Nothing but the lines below from the one containing "2007 Toyota Avalon" through the one containing "Majestic Boston Red" should appear in the answer, exact and without pictures.
*** Input records Section Begins ***
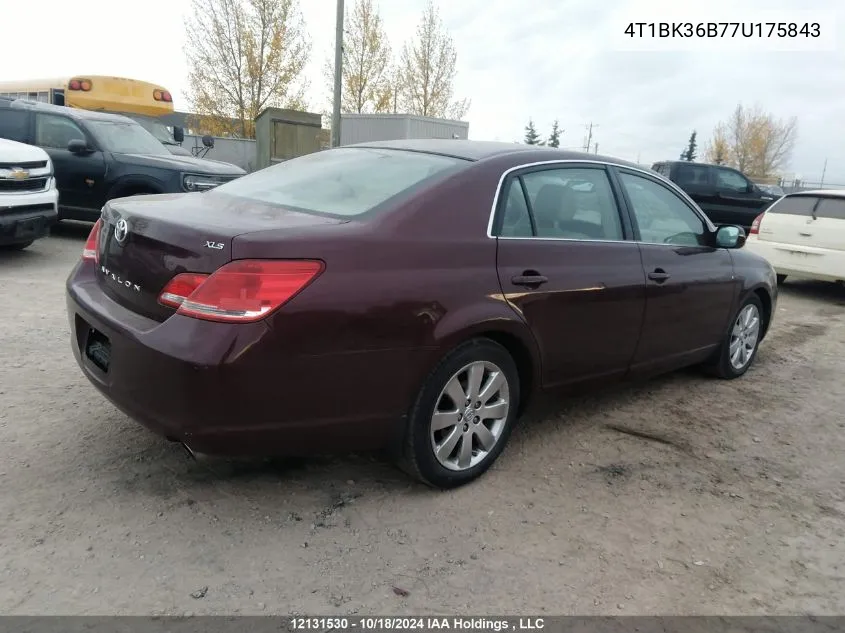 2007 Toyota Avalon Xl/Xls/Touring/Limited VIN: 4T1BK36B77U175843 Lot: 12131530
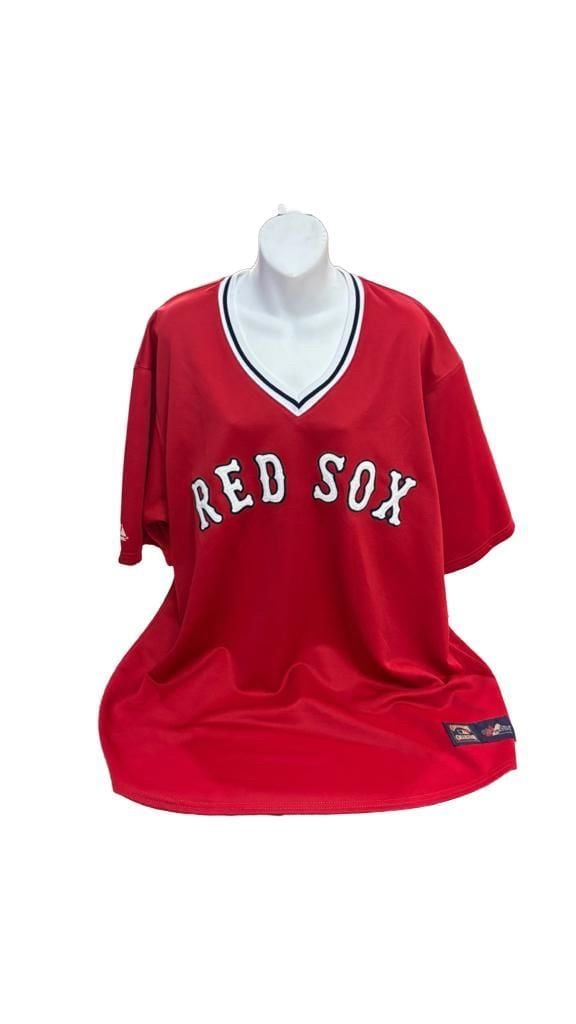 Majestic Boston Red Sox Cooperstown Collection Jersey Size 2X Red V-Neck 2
*** Input records Section Ends ***
*** Input records Section Begins ***
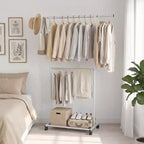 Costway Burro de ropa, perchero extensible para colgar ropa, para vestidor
*** Input records Section Ends ***
*** Input records Section Begins ***
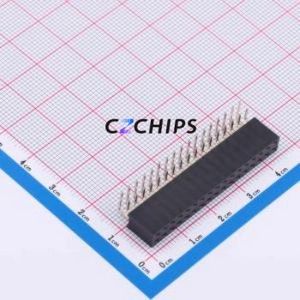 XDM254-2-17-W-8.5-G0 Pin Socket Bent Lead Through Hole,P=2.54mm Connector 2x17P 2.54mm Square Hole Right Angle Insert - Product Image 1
*** Input records Section Ends ***
- _Answer to the exercise_:
 2007 Toyota Avalon Xl/Xls/Touring/Limited VIN: 4T1BK36B77U175843 Lot: 12131530
 Majestic Boston Red Sox Cooperstown Collection Jersey Size 2X Red V-Neck 2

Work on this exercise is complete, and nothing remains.